WORK REQUIRED » Would you give the listing again exactly, without its images?

DATA SHOWN »
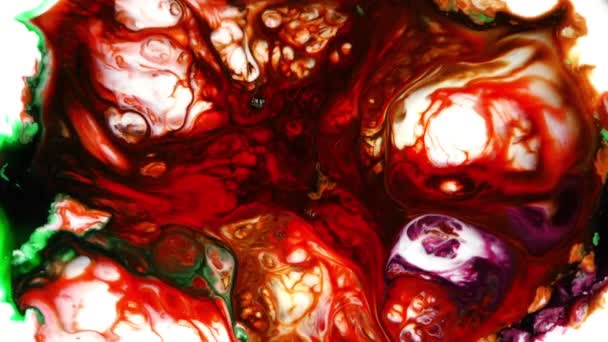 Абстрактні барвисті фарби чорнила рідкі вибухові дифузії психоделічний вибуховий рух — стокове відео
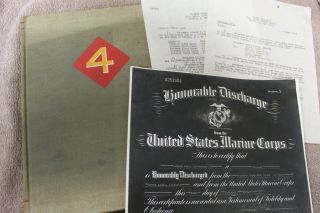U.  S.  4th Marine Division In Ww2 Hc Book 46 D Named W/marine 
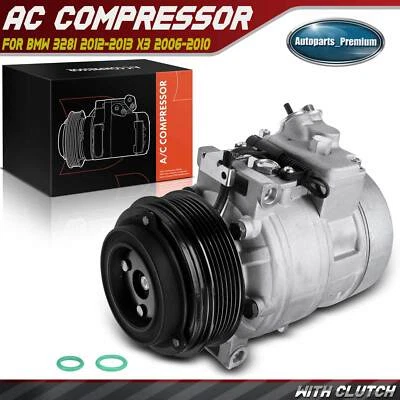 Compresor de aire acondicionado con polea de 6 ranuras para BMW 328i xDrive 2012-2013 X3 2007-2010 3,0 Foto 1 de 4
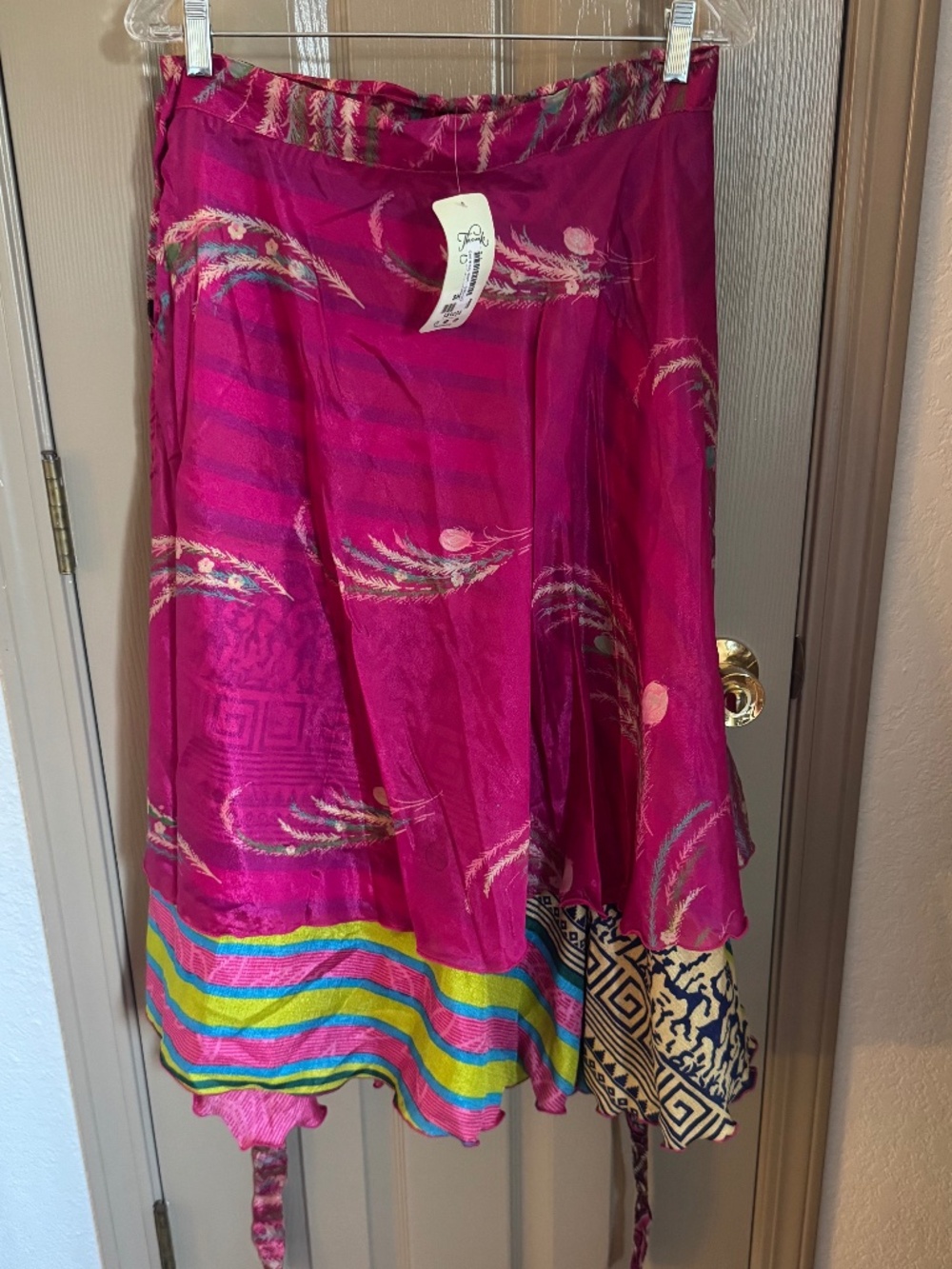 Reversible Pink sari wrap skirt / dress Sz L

WRITTEN RESPONSE »
 Абстрактні барвисті фарби чорнила рідкі вибухові дифузії психоделічний вибуховий рух — стокове відео
U.  S.  4th Marine Division In Ww2 Hc Book 46 D Named W/marine 
 Compresor de aire acondicionado con polea de 6 ranuras para BMW 328i xDrive 2012-2013 X3 2007-2010 3,0 Foto 1 de 4
 Reversible Pink sari wrap skirt / dress Sz L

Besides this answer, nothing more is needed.